Philip Voorhees has used client connections to help close more than 1,000 deals totaling some $15 billion in value as one of the top retail brokers for CBRE in California.
Now, he is putting his professional ties to use to launch his next career chapter — and move on from the brokerage sphere.
Voorhees is closing the door on a 25-year run at CBRE to join Irvine, California-based investment firm Bison Partners as a partner leading acquisitions and capital markets activities. Voorhees will guide the company's search for retail property acquisitions that offer the chance for Bison to increase their value, seizing on what he calls a prime opportunity to buy West Coast properties at attractive prices.
Voorhees invested in Bison Partners upon its launch in 2022. It was started by Brad Rable, a former coworker of Vorhees' at CBRE, and Wil Smith, a former client.
Voorhees, who most recently served as vice chairman at CBRE, hired Rable out of graduate school, trained him in brokerage and maintained a close connection after Rable left to help launch Bison. Voorhees met Smith in 2002 when Smith's investment firm Greenlaw Partners was a client of Voorhees’ CBRE team.
Three years after Bison's launch, Voorhees is officially joining the team in a move he said takes advantage of "a sweet spot where strong retail properties can be purchased at deep discounts to replacement cost."
In September, Bison Partners and PCCP purchased Bernal Plaza, a 139,559-square-foot, open-air retail shopping center on approximately 16 acres in San Jose, California, for $38 million. Bison said it plans to boost the property's performance by remixing the tenants and investing in cosmetic upgrades.
The move comes as the U.S. retail property market stabilizes after turbulence this year, with leasing activity and tenant move-ins surging to multiyear highs, availability leveling off and minimal new supply reinforcing long-term resilience despite lingering macroeconomic risks, according to CoStar research.
Building a career
Like many brokers, Voorhees didn’t start in real estate. A job running a restaurant startup in Newport Beach brought him from Washington state to California in the late 1990s. But as it became clear the restaurant would fail, an opportunity emerged from an unlikely source. Bruce Kahl and Joe Goveia of Dana Point, California-based Kahl & Goveia Real Estate, the firm hired to scout locations for the restaurant, invited Voorhees to join their team in 1999.
“They taught me to be an investment broker,” Voorhees recalled, noting that his early work focused on coastal commercial properties from La Jolla to Santa Monica.
In 2001, CBRE recruited Voorhees to the firm's Newport Beach, California, office.
“That’s where I met my future partners Todd Goodman — the king of shopping center sales at the time — Gary Stache, Mark Larson and Pat Scruggs,” he said.
Power of partners
While at CBRE, Phillip Voorhees met Rable as he was completing a master's program in real estate at the University of Southern California.
“It took only one interview for me to know we needed to hire him,” Voorhees said.

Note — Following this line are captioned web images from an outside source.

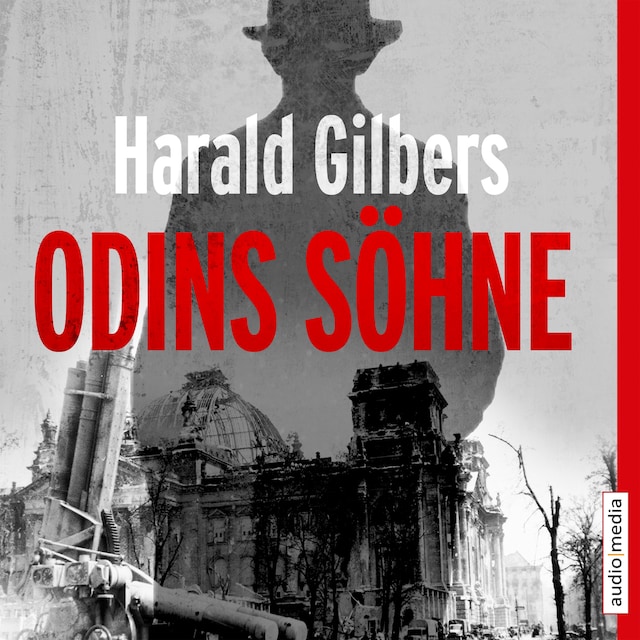 Copertina del libro per Odins Söhne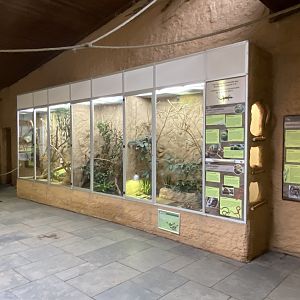 Aequatorium/Affenhaus view 011219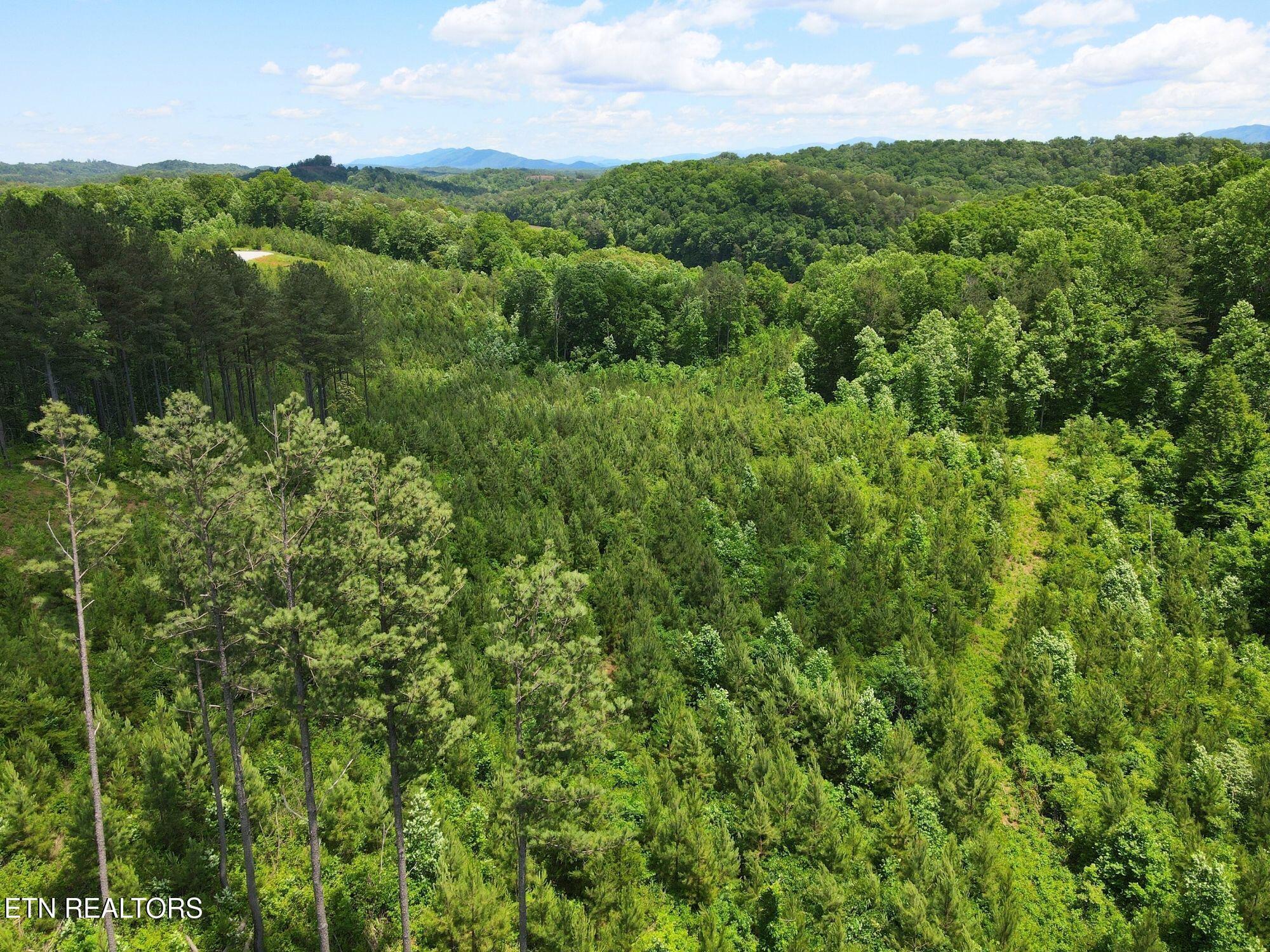 Fort Loudoun and Tellico Lake Real Estate - Image# 25
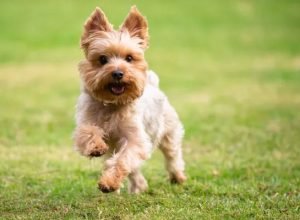 Yorkshire-Terrier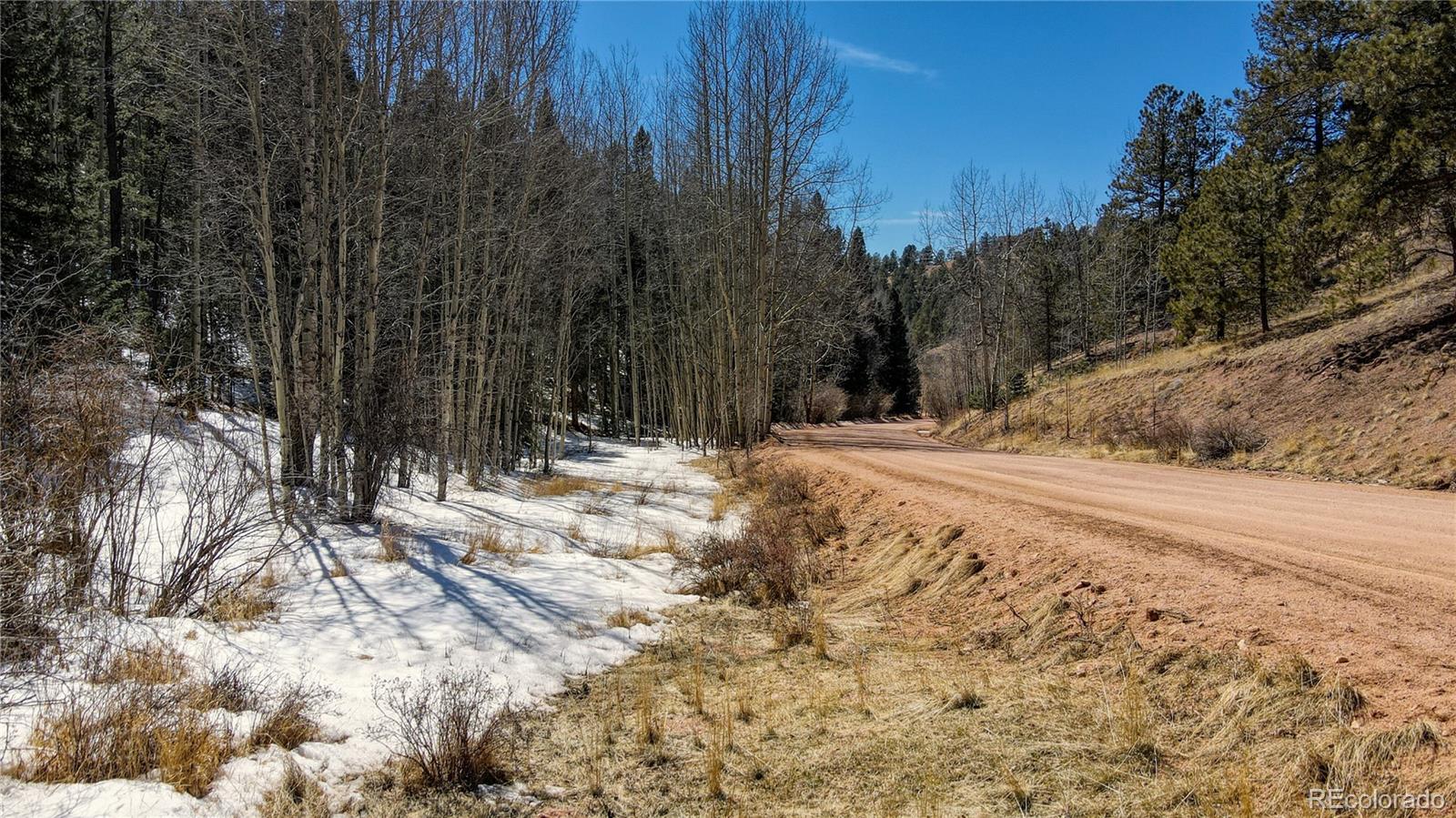 38 Princess Road Cripple Creek, CO 80813 - Photo 11 of 33 Gallery Image 11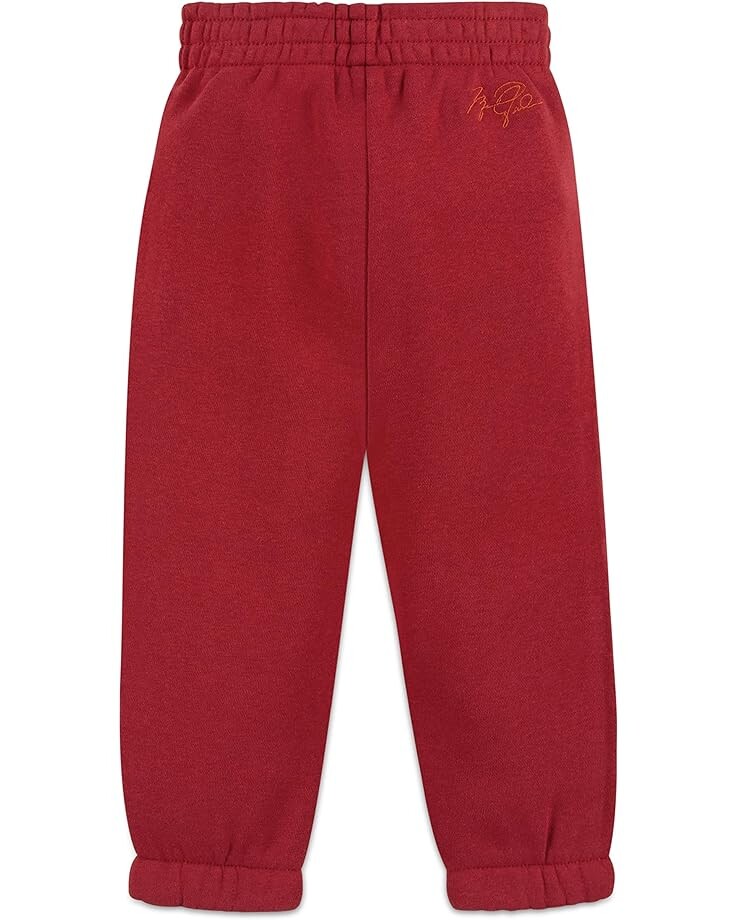 

Брюки Jordan Essentials Pants, цвет Gym Red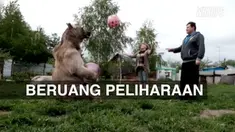Sang beruang menemani berbagai keluarga kecil ini dalam berbagai aktivitas yang terjadi.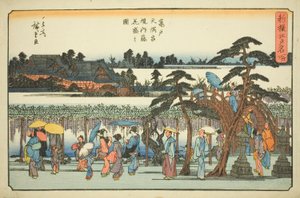 Glicinas en plena floración en los recintos del Santuario Kameido Tenmangu, de la serie "Lugares famosos recién seleccionados en Edo"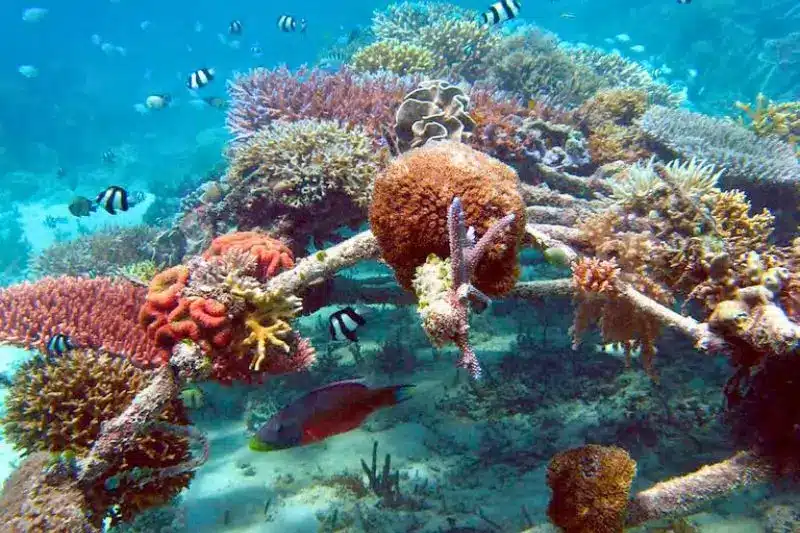 artificial coral reef - 4 - Arrecifes de coral artificiales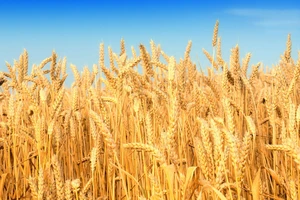 Sau cuộc đối thoại, Cục Bảo vệ thực vật lùi lệnh tái xuất lúa mì lẫn hạt cỏ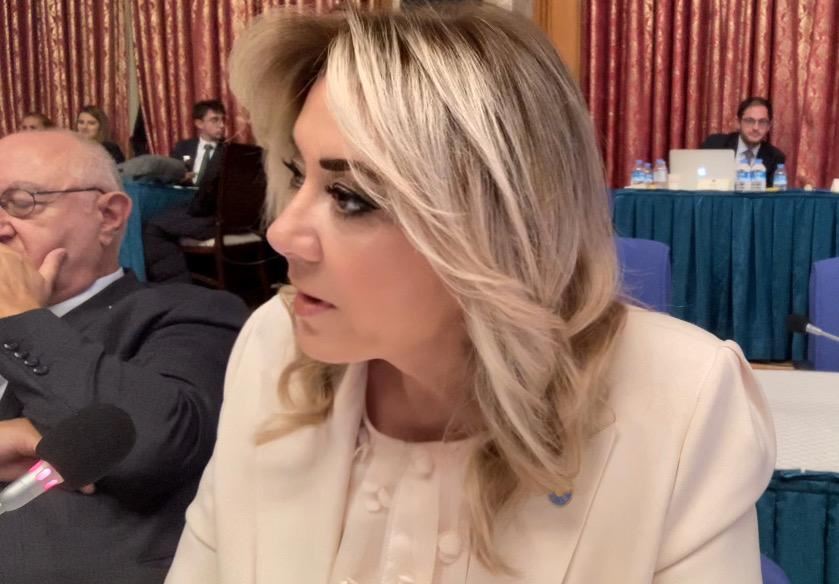 İYİ PARTİLİ AYLİN CESUR DIŞİŞLERİ BAKANI ÇAVUŞOĞLU’NA SORDU;   “MİLLET FUKARALIKLA BOĞUŞURKEN, GETİRDİĞİNİZ SIĞINMACILARIN BİZE MALİYETİ KAÇ MİLYAR DOLAR”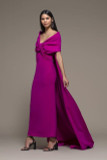 Bormio Draped Sleeve Column Gown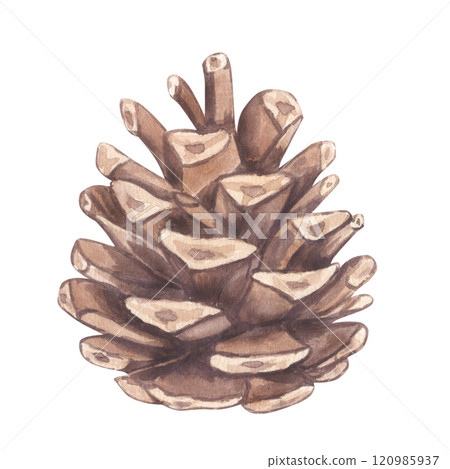 Pine spruce fir cone, seeds evergreen coniferous tree. Botanical watercolour illustration. Hand draw clipart isolated background. For Christmas decoration, printing postcard, New Year holiday 120985937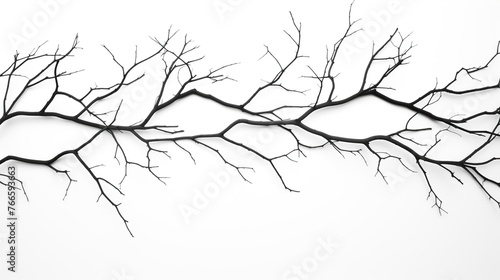 Tree branch silhouette in the winter season isolated on a white background.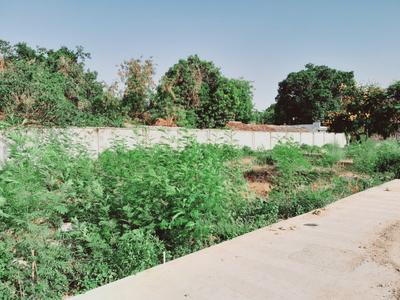 Project Image of 1179.0 - 1677.23 Sq.ft Residential Plot Plot for buy in Vrindavan Vihar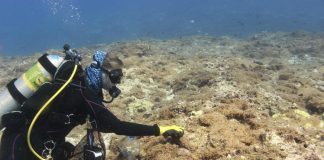 Algae species discovered infesting NW Hawaiian waters has been identified (Study) Algae species discovered infesting NW Hawaiian waters has been identified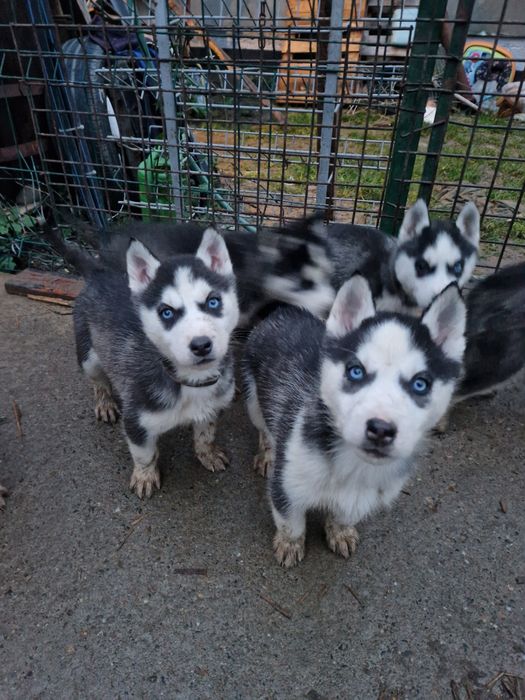 Pui husky siberian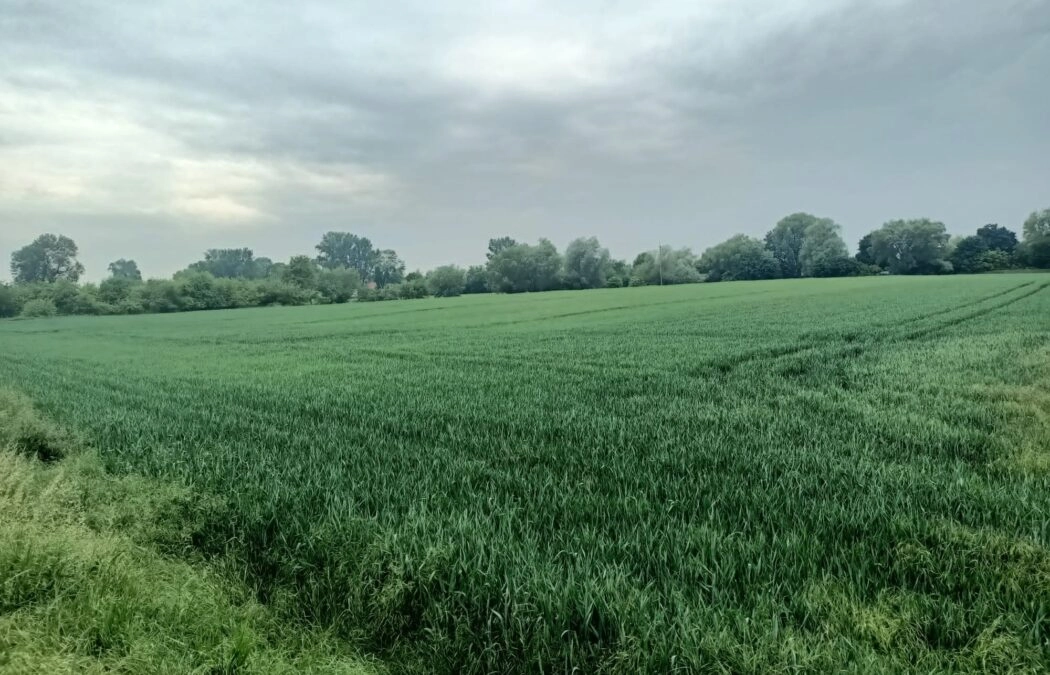 DZIAŁKA NA SPRZEDAŻ! PIĘKNA OKOLICA !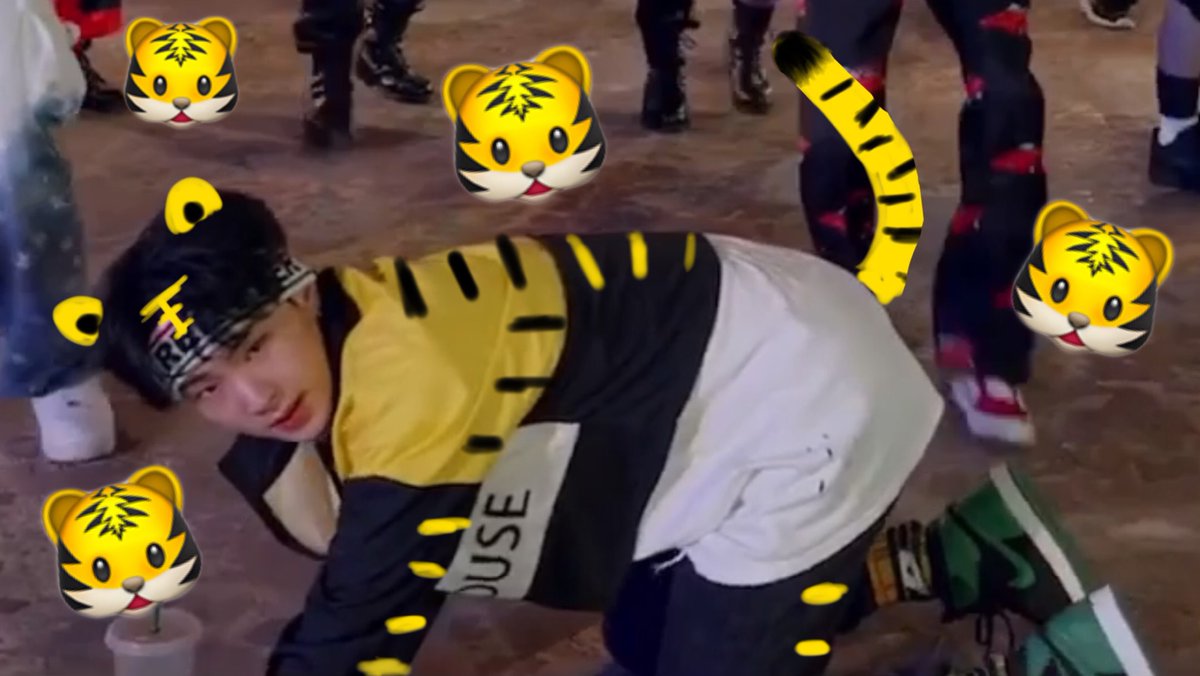pocketksy's tweet photo. 🐯 https://t.co/3l2b8MhDsj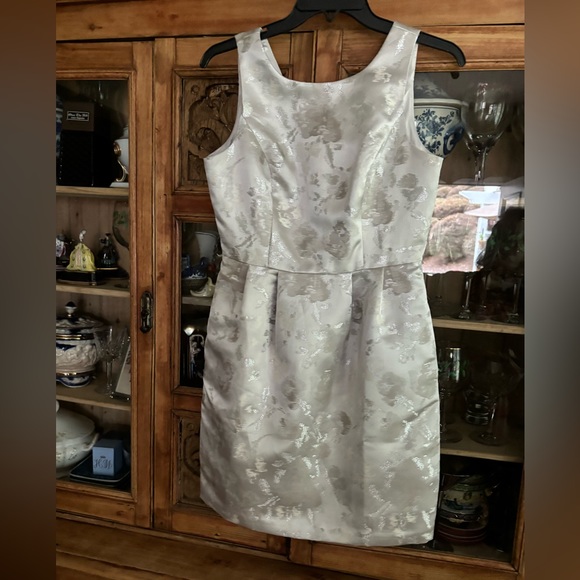 Shimmering Silver Forma Dress - Picture 1 of 3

For a young professional at the time, Rable brought substantial development experience from Evergreen Devco, a Phoenix-based commercial real estate firm that's completed 20 million square feet of retail since 2010, Voorhees said. He joined the team as a deal runner and quickly excelled in brokerage.
The two also forged a strong friendship, bonding over athletics, shared interests and their common alma mater, the University of Colorado in Boulder.
When Rable left CBRE to become a principal at Paragon Commercial Group, the friendship endured. When Rable shared his ambition to launch his own firm, Voorhees encouraged him to approach Smith, the Greenlaw Partners owner, about a partnership.
That conversation led to the creation of Bison in 2022, with Voorhees serving as an investor in the platform and its acquisitions. The firm has been buying across California, Arizona and Nevada with backing from institutional and private capital.
Now Voorhees is taking an active role. "For me, moving to Bison is a natural conclusion after 25 remarkable years with the best people in commercial real estate at CBRE," he said.
Targeting value-add properties
At Bison, Voorhees plans to zero in on retail properties that could benefit from repositioning and modernization, or value-add properties.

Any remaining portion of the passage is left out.